Sen. Chuck Hagel, R-Neb., for weeks said he was undecided on whether to back a move by Frist, if it comes. Wednesday, he officially rejected signing on to a compromise.

“I believe that all of the president’s nominees deserve an up or down vote,” Hagel said, quoted by spokesman Mike Buttry. “The agreement that has been proposed calls for three of the president’s nominees not to get a vote. I could not agree to that. That is unfair and it’s not right.”

Of [Ben] Nelson’s effort, Hagel said that he wants a vote on all nominees, that the Senate is in a very difficult position and that “Sen. Nelson, like all of us, has to do what he has to do.”

Pryor and the Voting Rights Act


In typical understated fashion, on the Senate floor earlier Sen. Ted Kennedy (D, Mass.) raved that 11th Circuit nominee Bill Pryor wanted to “destroy” the Voting Rights Act. Here is the relevant section from Committee for Justice’s report on Pryor (footnotes not included):

Section 5 of the Voting Rights Act. Special interest groups also have attempted to misrepresent some of General Pryor’s statements about the Voting Rights Act of 1964. General Pryor has made it clear that “the Voting Rights Act is one of the greatest and most necessary laws in American history.” Because he believes so much in the Act, he has called for the amendment of Section 5 of the Act to ensure appropriate balance and state flexibility to ensure equal rights. He has criticized the “abuse of federal power” under Section 5, and has also taken to task federal courts that have “turned the Act on its head and wielded . . . power to deprive all voters of the right to select . . . public officers,” even though the Act “was passed to empower minority voters in the exercise of the franchise.” Indeed, as it is currently interpreted by courts, Section 5 has forced states to create or maintain safe minority seats which actually dilute minority voting strength elsewhere by packing minority voters into certain districts.

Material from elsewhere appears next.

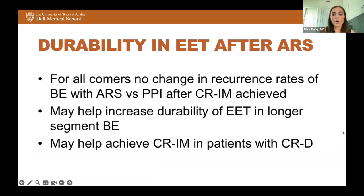Overall, for all comers there was no change in recurrence rates of Barrett's with anti-reflux surgery versus PPIs after CRIM was achieved. There may be increased durability of endoscopic eradication therapy in longer segment Barrett's, and anti-reflux surgery may also be used to achieve CRIM in patients who have only achieved resolution of dysplasia. Those are the two populations to consider.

General Pryor’s concerns about Section 5 have been borne out in Georgia, where Section 5 has recently hampered the commonsense efforts of African-American state legislators to create a plan to maximize the number of voting districts that afford African-Americans a chance at electoral victory. A federal district court has found that Georgia’s plan violates Section 5, which has forced the state to appeal to the Supreme Court to have the plan approved. In Georgia’s brief to the Supreme Court, Thurbert Baker, the African-American Democratic Attorney General of Georgia, called Section 5 an “extraordinary transgression of the normal prerogatives of the states” and a “a grave intrusion into the authority of the states.” General Baker added, “Section 5 was initially enacted as a ‘temporary’ measure to last five years precisely because it was so intrusive.”

Section 5 has not only placed a burden on the states it covers, but also on the U.S. Justice Department, which has been forced to preclear a huge number of changes in voting practices that have nothing to do with minority voting rights. Section 5 requires covered states to preclear any decision to change “any voting qualification or prerequisite to voting, or standard, practice, or procedure with respect to voting.” For example, if a covered state moved voting booths from
one side of a street to another, this action would have to be precleared by the Justice Department pursuant to Section 5. From 2000-2002, the Justice Department received requests to preclear 49,567 voting changes. In response to these requests, the Department issued only 28 letters interposing objections to proposed changes under Section 5.

Because of these problems, it should come as no surprise that some of the most revered Justices of the U.S. Supreme Court have criticized Section 5. The second Justice John Marshall Harlan wrote, “I find it especially difficult to believe that Congress would single out a handful of States as requiring stricter federal supervision concerning their treatment of a problem that may well be just as serious in parts of the North as it is in the South.” Justice Lewis Powell stated that it is “a serious intrusion, incompatible with the basic structure of our system, for federal authorities to compel a State to submit its [reapportionment] legislation for advance review” under Section 5, and observed that he disagrees “with the unprecedented requirement of advance review of state or local legislative acts by federal authorities, rendered the more noxious by its selective application to only a few States.”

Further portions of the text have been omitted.